Top of INPUT DATA
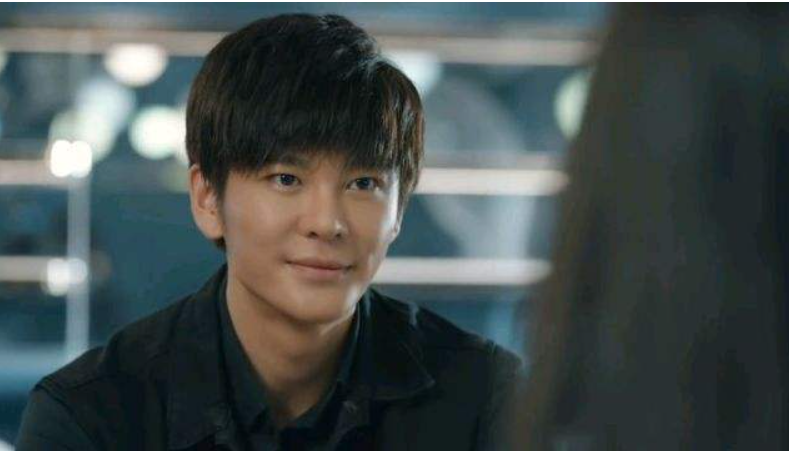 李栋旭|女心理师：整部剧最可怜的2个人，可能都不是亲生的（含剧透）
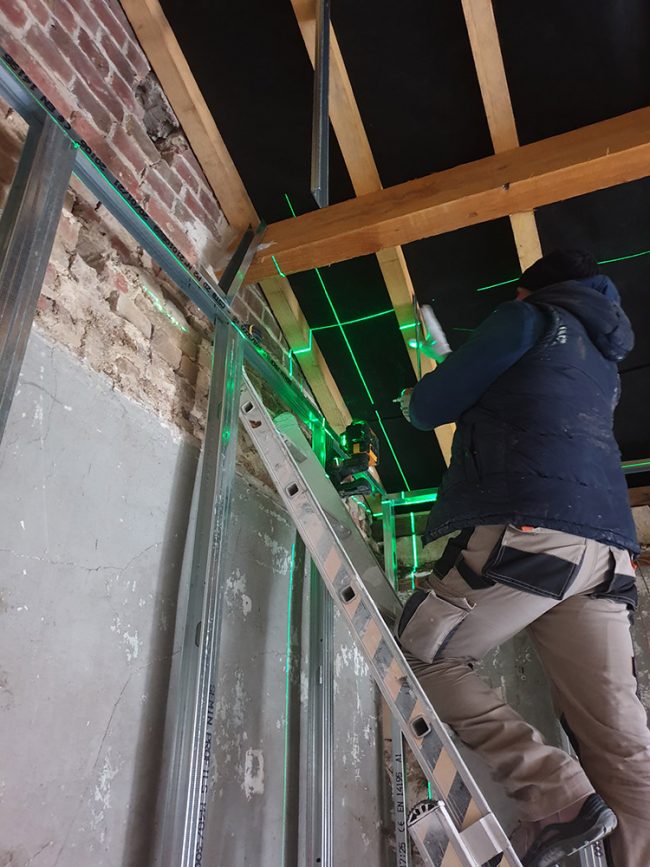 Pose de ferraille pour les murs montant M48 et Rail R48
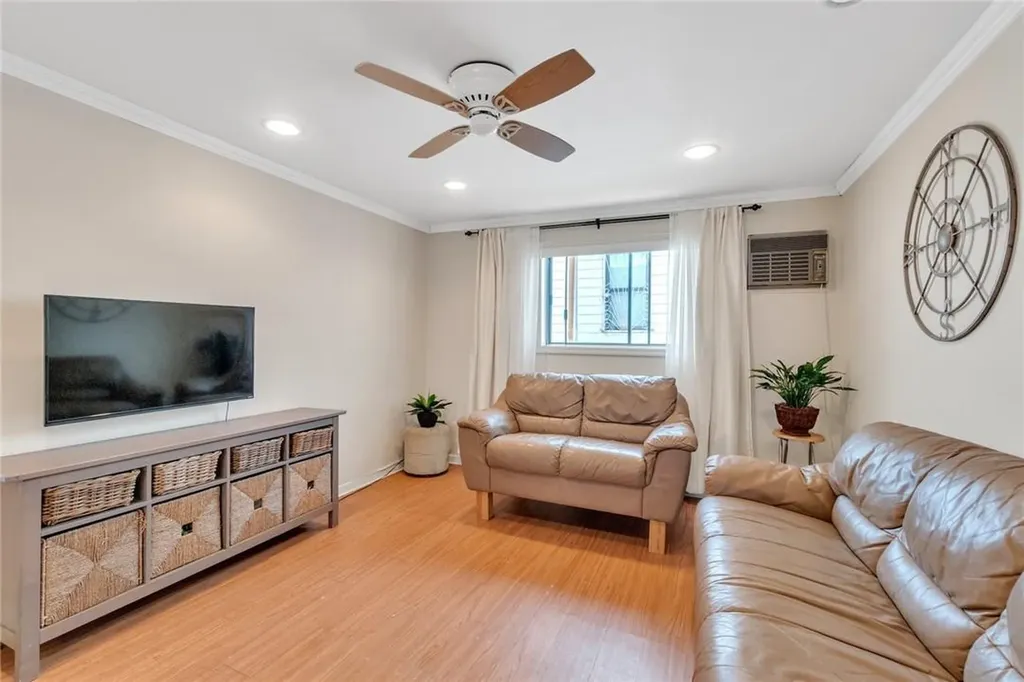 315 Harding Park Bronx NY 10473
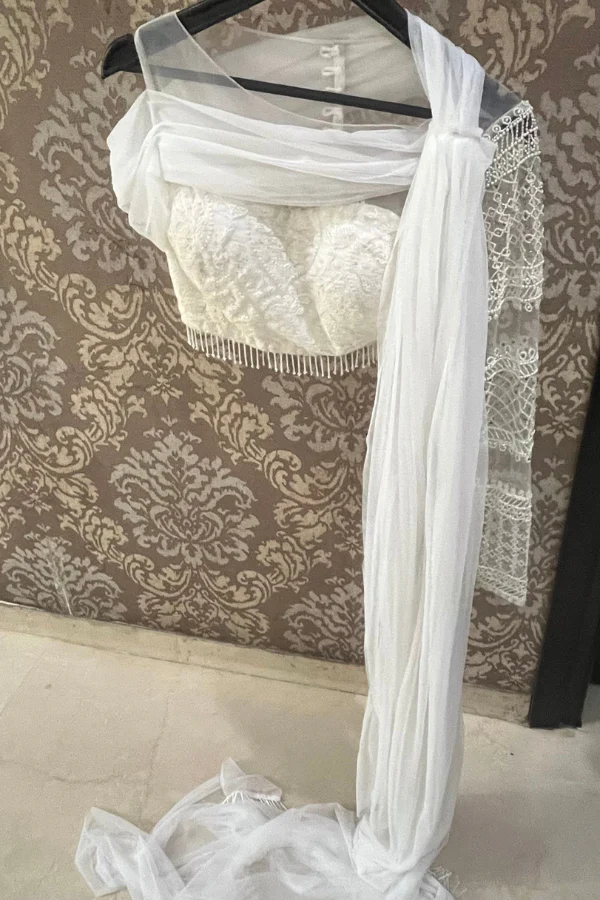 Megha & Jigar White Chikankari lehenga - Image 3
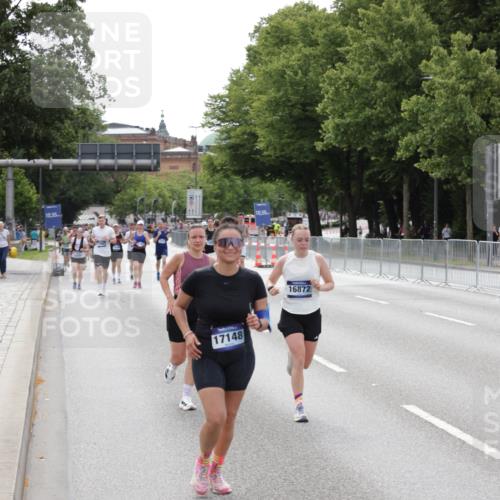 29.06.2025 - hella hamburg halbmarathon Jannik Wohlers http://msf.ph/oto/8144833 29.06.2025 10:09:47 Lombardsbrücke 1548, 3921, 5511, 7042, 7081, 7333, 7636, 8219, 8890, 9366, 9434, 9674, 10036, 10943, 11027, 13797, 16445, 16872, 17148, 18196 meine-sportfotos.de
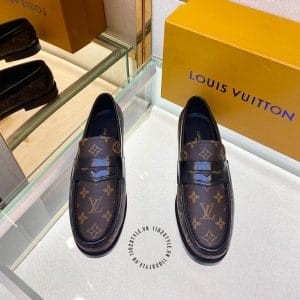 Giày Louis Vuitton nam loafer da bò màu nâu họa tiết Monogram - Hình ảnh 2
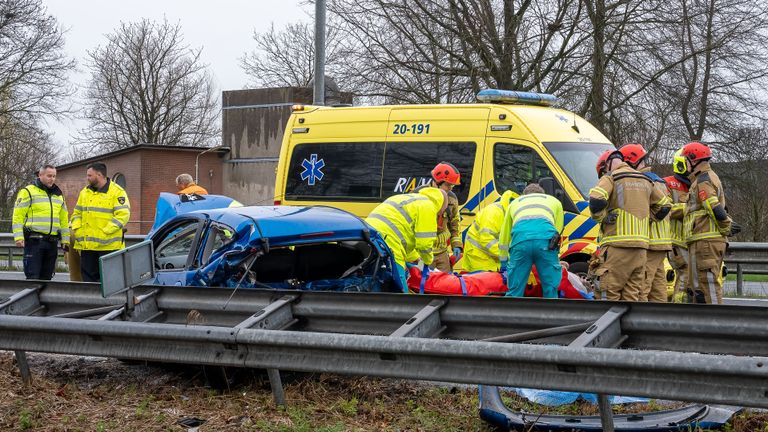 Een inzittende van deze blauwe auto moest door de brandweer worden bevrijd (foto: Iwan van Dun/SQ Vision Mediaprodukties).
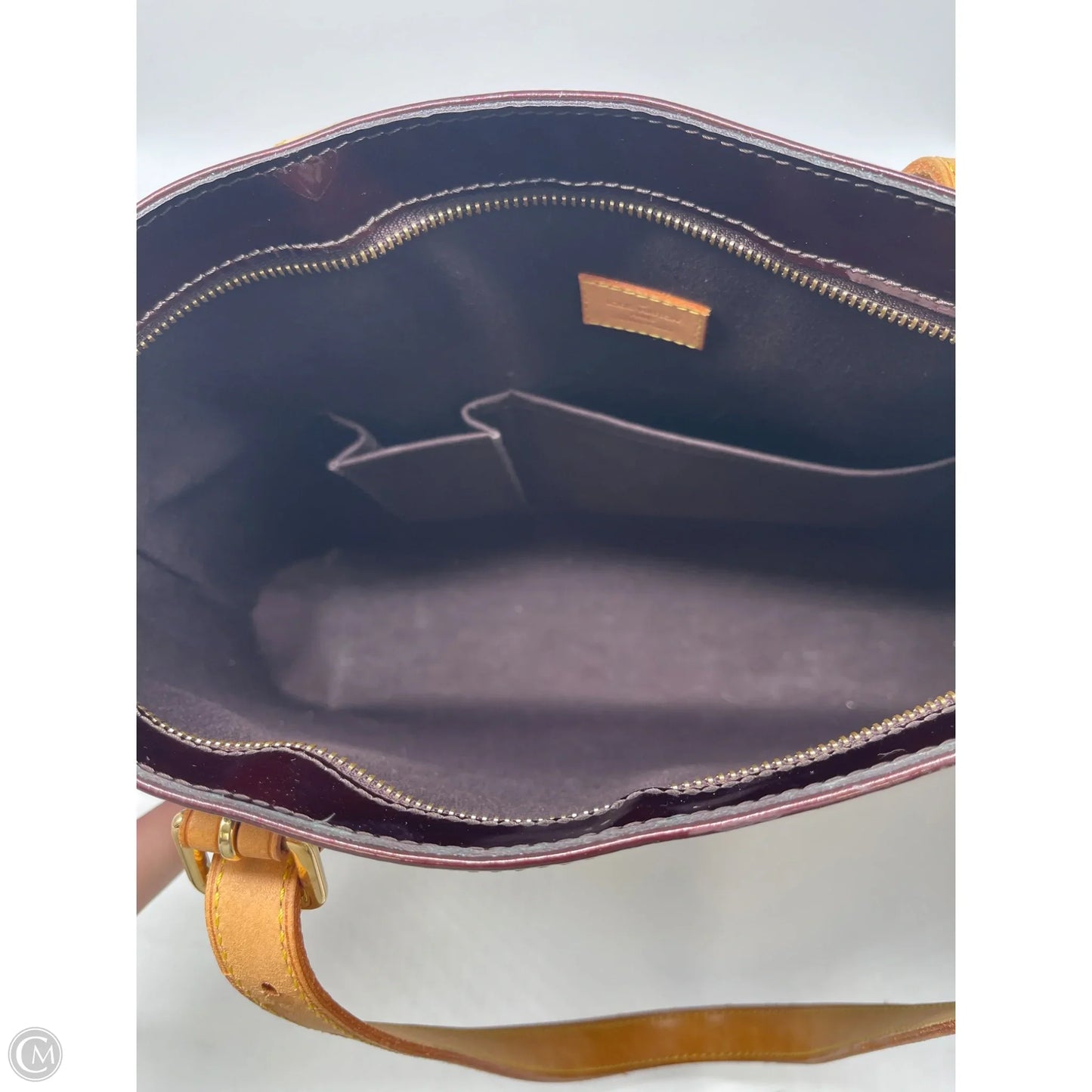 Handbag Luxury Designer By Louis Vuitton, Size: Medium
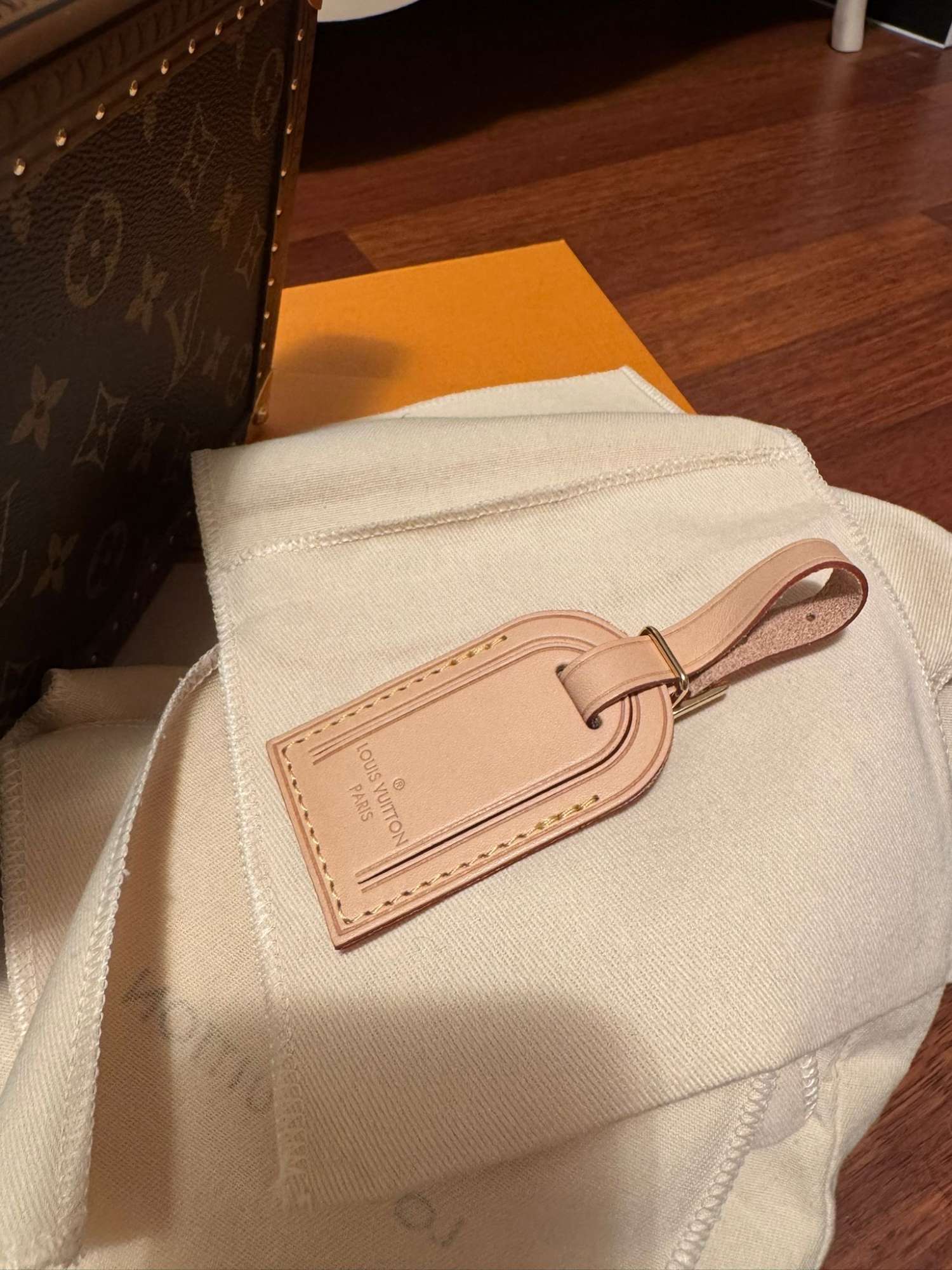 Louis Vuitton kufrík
Bottom of INPUT DATA
● **WORK REQUEST**: Your answer must be exactly the lines from the one with "Handbag Luxury Designer" through the last line of the entries, both included, with no pictures; please add nothing else.

● **ANSWER**:
 Handbag Luxury Designer By Louis Vuitton, Size: Medium
 Louis Vuitton kufrík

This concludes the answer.